Hi,
During the last week I've crashed by RC plane following the addition of new motors (2xPlettenberg), new batteries (4x5S, 5000mAh each) and the Atto Pilot 90A sensor, used as a "fuel meter".
Former (and trusted) setup:
2xPlettenberg (26 series, different model than the new ones)
2xCastle Phoenix Edge HV 80
4x4S, 5000mAh batteries, All connected parallel to each other and feed the 2 ESCs
No Atto-Pilot!
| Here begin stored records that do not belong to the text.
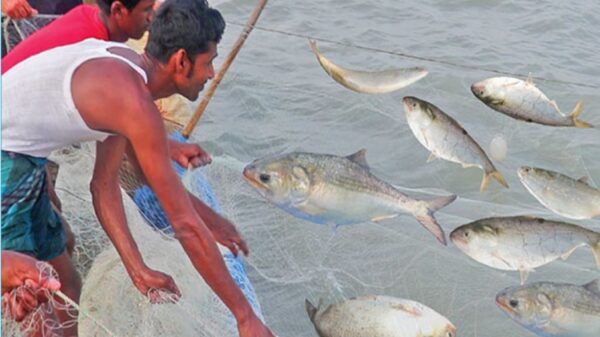 ঝাঁকে ঝাঁকে ইলিশ যাচ্ছে ভারতের গঙ্গায়, কারন কি?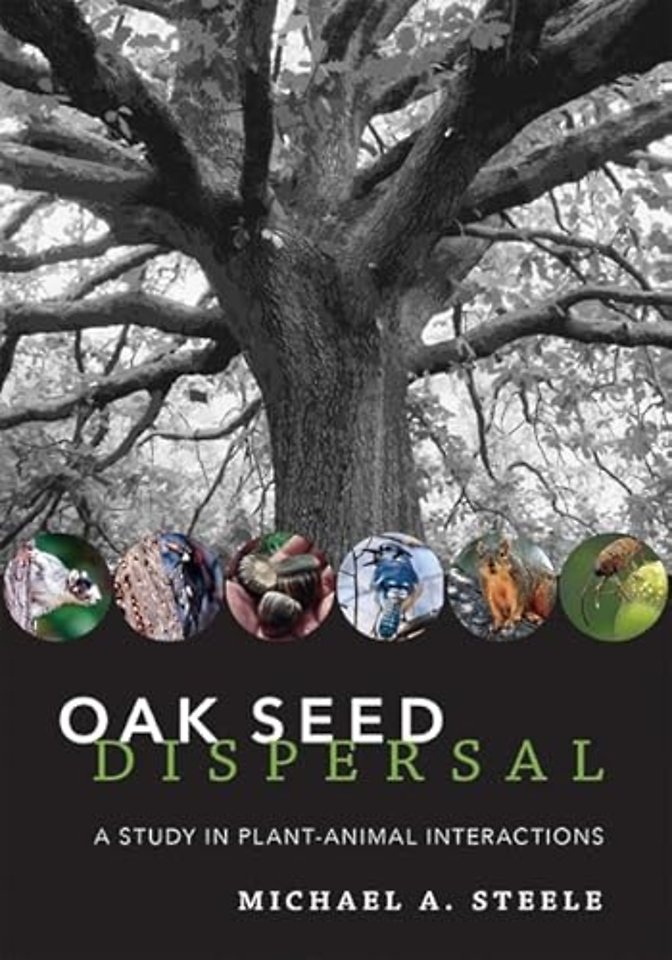 Oak Seed Dispersal – A Study in Plant–Animal Interactions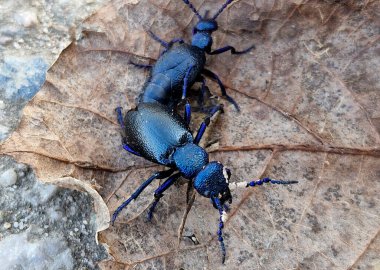 Meloe, kabarcık böcekleri familyasından bir böcek cinsidir. Bu isim, eklemlerinden yağ damlacıkları saldıkları zaman savunma stratejilerinden geliyor.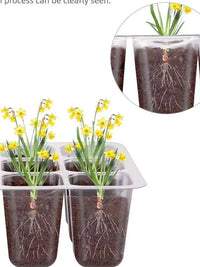 Tall Thick Seedling Starter Tray with Dome Lid and Base for Cuttings and Succulents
APM 2.6 powered by its own battery (incl. servos)
New (and crashed) setup:
same series but different models of engines
same ESCs
4x5S, 5000mAh batteries, All connected parallel to each other and feed the 2 ESCs
Atto Pilot 90A connected to A1&A2 connections on the APM on one side and on the feed of only ONE OF THE ESCs on the other side
What happened?
After many static testing, I've gone outside to fly and just as the plane was at the takeoff climb (Manual) the APM had a brown out and my RC plane is done for. When I tried to investigate the reason I found out something interesting:
Having the same Atto Pilot setup, If I disconnect the ESC's GND wire I can still open the throttle and experience operational propulsion! This means the GND from the batteries is connected to the GND of the APM through the Atto Pilot and it completes a cycle with the GND of the throttle channel.
I don't know for certain this is the cause of the crash so I mean to ask here, Is it possible the APM got a brown out due to propulsion load? Is there a problem with my Atto pilots (I have 2 and experience same problem with both)? Is the problem in my setup?
Yours,
-Yaacov
Replies
Do you have the logs from the crash?